Every schoolboy knows the story of six-year-old George Washington taking his ‘little hatchet’ to his mother’s prized cherry tree.
Every schoolboy knows the story of six-year-old George Washington taking his ‘little hatchet’ to his mother’s prized cherry tree. Less well known is that in later years he more than made up for this childish piece of vandalism by planting thousands of trees on his estate at Mount Vernon. Gardening became such a passion that even while defending Manhattan against the British in July 1776 Washington found time to work on planting schemes.
It was a passion shared by several of America’s other founding fathers, including the three presidents who followed Washington in office: John Adams, Thomas Jefferson and James Madison. In this fascinating and well-researched book Andrea Wulf shows that gardening was not simply a gentlemanly pursuit for these men, but was politically and philosophically bound up with their notions about creating a new country.
Wulf even argues that ‘it’s impossible to understand the making of America without looking at the founding fathers as farmers and gardeners’. Having thrown off the yoke of British colonialism, America needed to become self-sufficient, and the notion of a society in which everyone had their own plot of land was enormously attractive. Bad farming practices meant that much of the land already in cultivation in Virginia (where three of the founding fathers had large estates) had been exhausted by tobacco monoculture, and Washington devoted both time and land to experimenting with new crops. The initial split among the founding fathers into what would eventually become Republicans and Democrats was essentially an argument between the agrarian vision of Jefferson, the country’s first secretary of state, and the mercantile one of its first secretary to the treasury, Alexander Hamilton. Similar arguments surrounded the design of the nation’s capital, Washington DC.
These gardener-politicians were as much interested in the decorative aspects of horticulture as they were in agricultural necessity. Jefferson and Adams had taken time off from crucial trade negotiations in London in 1786 to make a garden tour of England. They took back to America the attractive principles of Wooburn Farm in Surrey and The Leasowes in Shropshire, early examples of the ferme ornée which combined agriculture and horticulture, utility and aesthetics, into a harmonious whole. It was Washington himself who created the first ‘truly American’ garden: Mount Vernon was befittingly ‘a radical departure from the traditional colonial plots’, planted exclusively with native species. Similar plantings took place at Jefferson’s Monticello, Madison’s Montpelier, as well as at Adams’s more modest farm at Quincy in Massachusetts, where the crown imperial (Fritillaria imperialis) was banned because ‘it bears too monarchical a name’.
Wulf is nevertheless alert to the irony that these fervently patriotic gardeners often had to rely upon books and practical advice, and occasionally even garden managers, from hated England. Madison got round this unfortunate necessity by employing a Scottish gardener who had ‘the advantage of having been trained in the English landscape tradition without actually being English’. Nor does Wulf sidestep the awkward fact that three of these champions of personal liberty relied upon slave labour to create their Edens.
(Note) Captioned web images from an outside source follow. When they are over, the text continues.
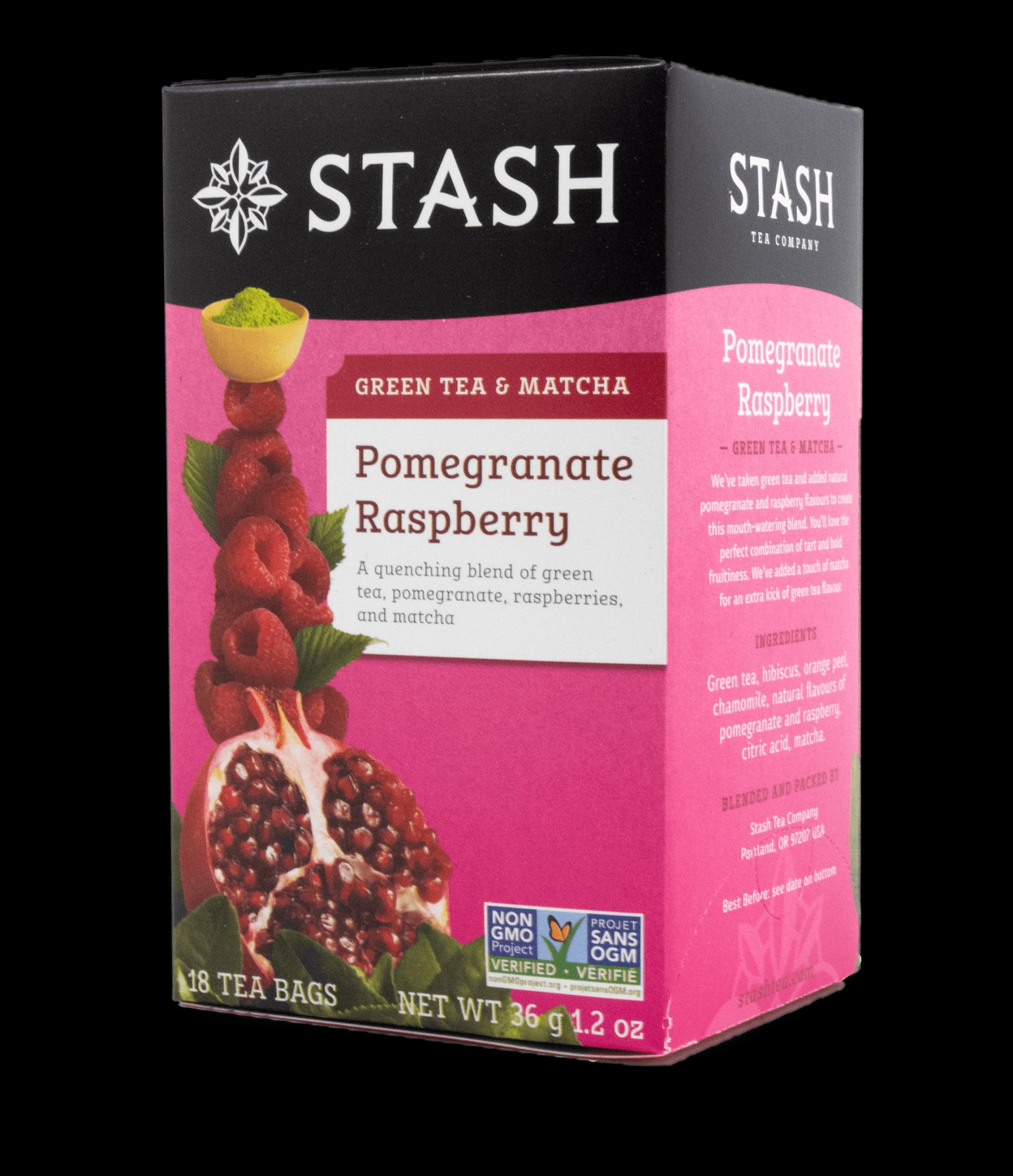 Stash Pomegranate Raspberry Tea 35g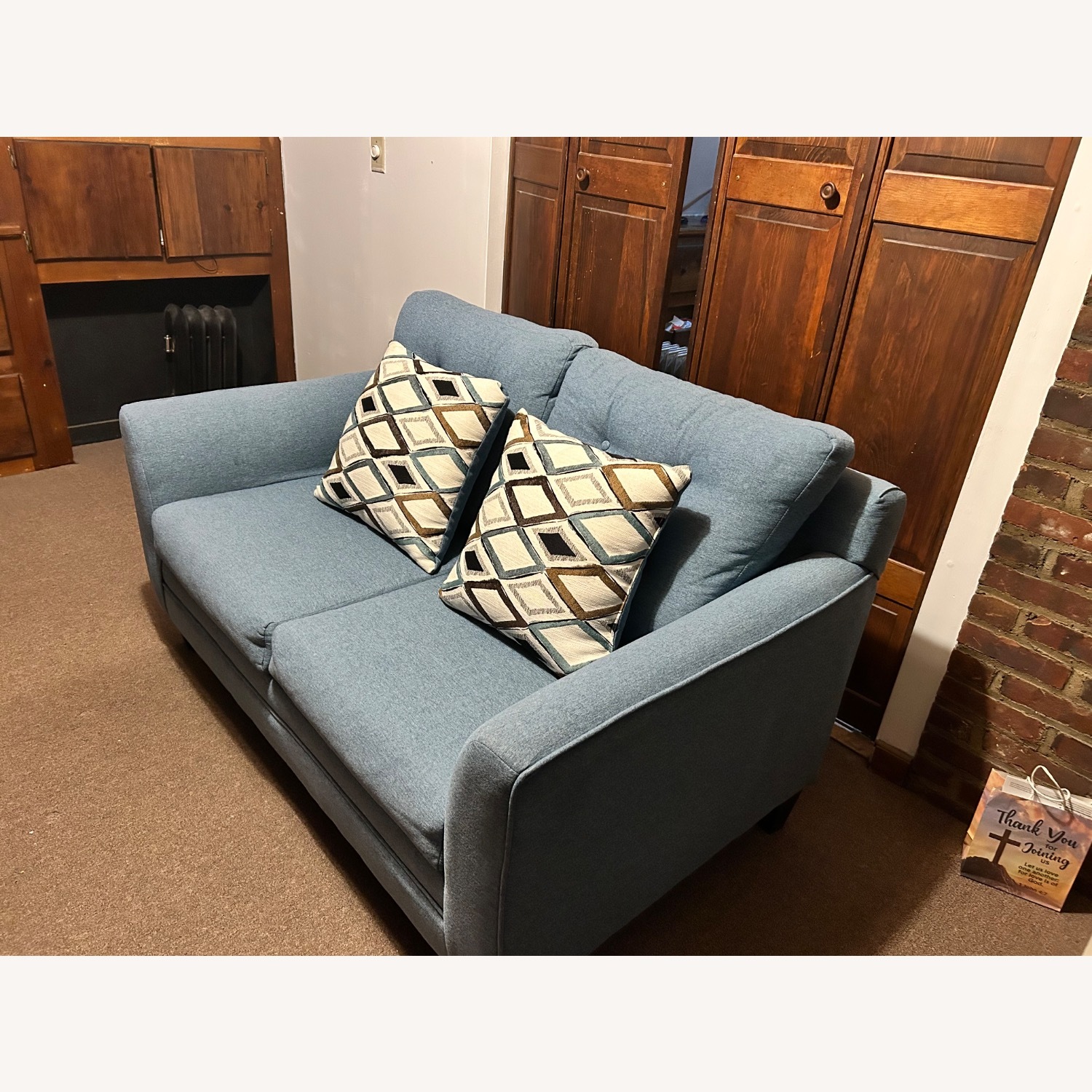 Raymour & Flanigan Loveseat Sofa - image-2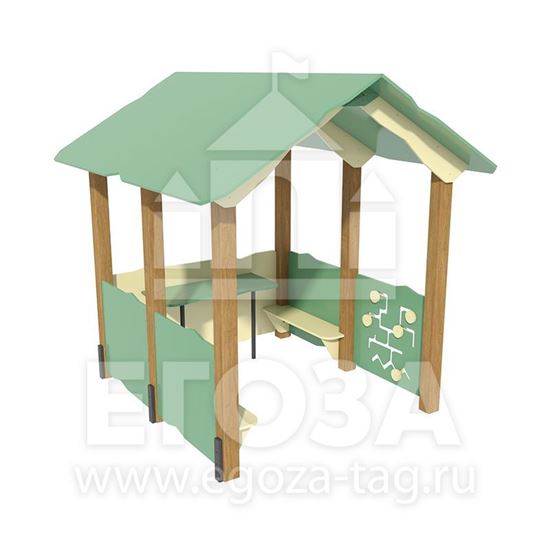 Изображение Беседка «Классик» 1244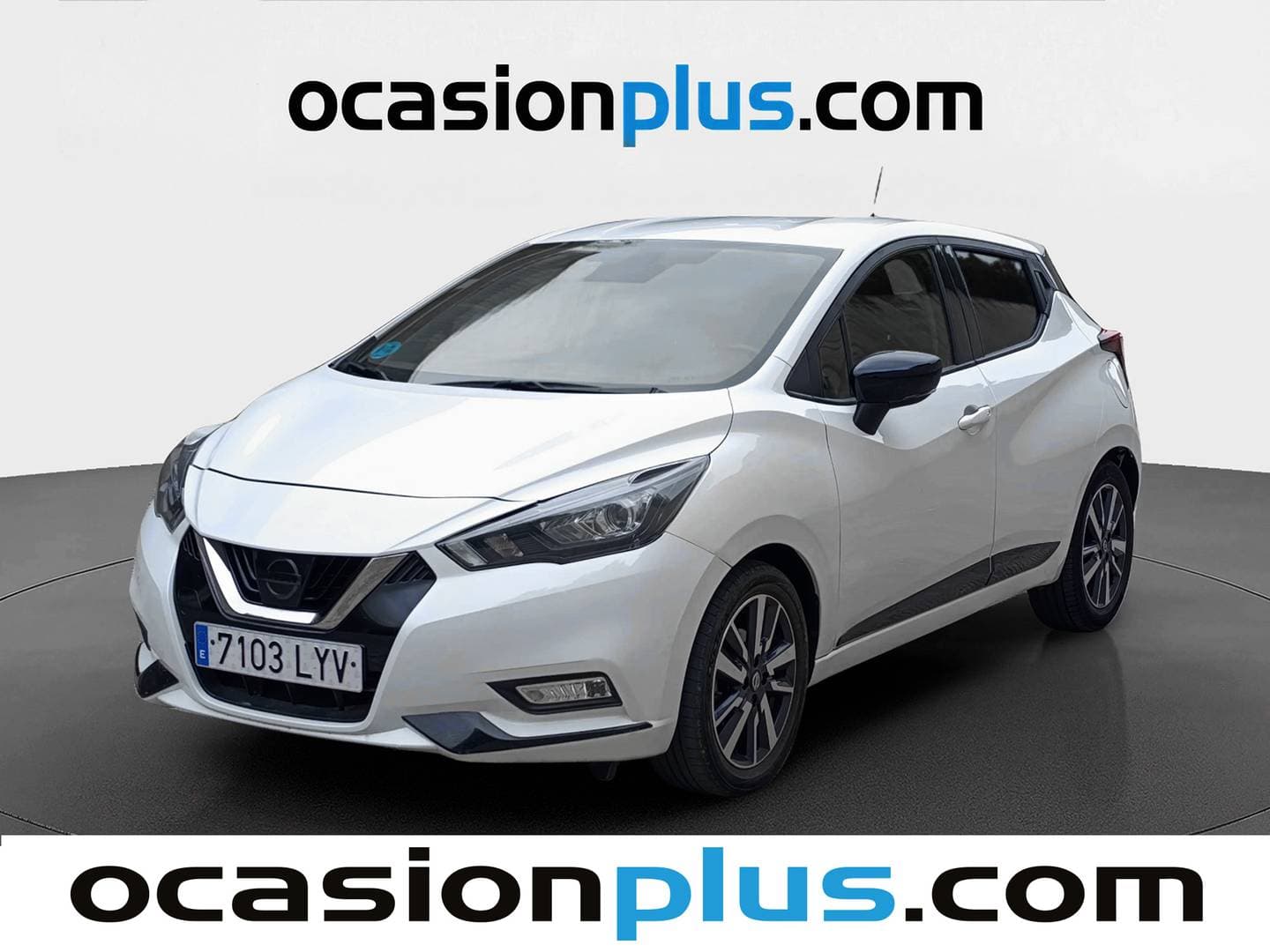 Nissan Micra Nissan Micra IG-T N-Design Black (92 CV) - 13300€ en Albacete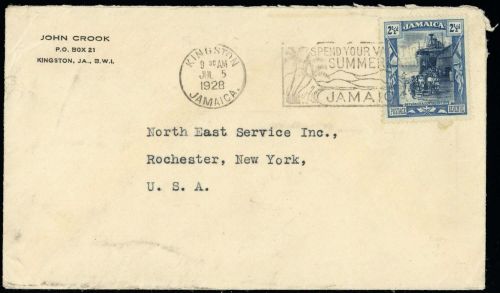 1921, Jamaica, 91, Brief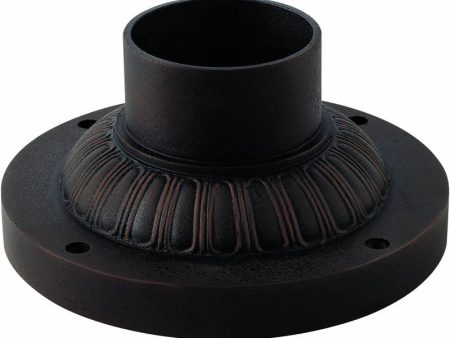 2 H Pier Mount Outdoor Pier Mounting Accessory Mocha Discount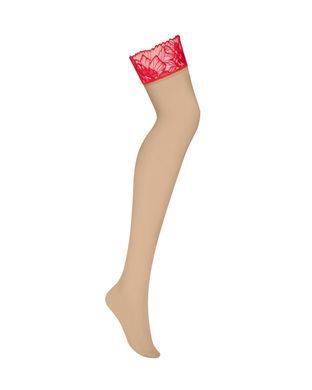Панчохи Obsessive Matildea stockings L/XL - фото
Uniting the 13 original states into a cohesive whole proved rather more difficult than cultivating native trees and shrubs as an expression of that ideal. When the Constitutional Convention of 1787 reached an impasse, some of the delegates set off to visit the garden of the great American nurseryman, John Bartram. An escape into the fresh air after hours spent wrangling in the State House’s stifling East Room was undoubtedly therapeutic, but Wulf goes on to speculate that, having seen in Bartram’s garden how ‘the manifold flora of each state thrived together, their branches intertwined in a flourishing horticultural union’, the delegates were inspired to resolve their differences when they returned to Philadelphia.
This seems perhaps a little fanciful, and Wulf’s enthusiasm for her subject and her determination to make her case occasionally leads to repetition of material which an editor ought to have spotted and eliminated. Even so, The Founding Gardeners is genuinely illuminating, illustrated with a wealth of compelling detail and well-chosen quotations from personal correspondence, and provides succinct accounts of both the founding of America and some of the country’s earliest and most spectacular gardens.